What needs to be done - What to return is the tail of the data, from the line that contains "Building Photo - 36493 N Hawthorne Ln" down to the last line, copied exactly.

Saved data entries -
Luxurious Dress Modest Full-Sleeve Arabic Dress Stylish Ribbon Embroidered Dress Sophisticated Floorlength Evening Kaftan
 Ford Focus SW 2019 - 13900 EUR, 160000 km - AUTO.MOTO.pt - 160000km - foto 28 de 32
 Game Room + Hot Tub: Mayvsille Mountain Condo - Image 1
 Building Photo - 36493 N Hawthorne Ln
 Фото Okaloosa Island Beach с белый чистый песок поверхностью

Answer to this task -
 Building Photo - 36493 N Hawthorne Ln
 Фото Okaloosa Island Beach с белый чистый песок поверхностью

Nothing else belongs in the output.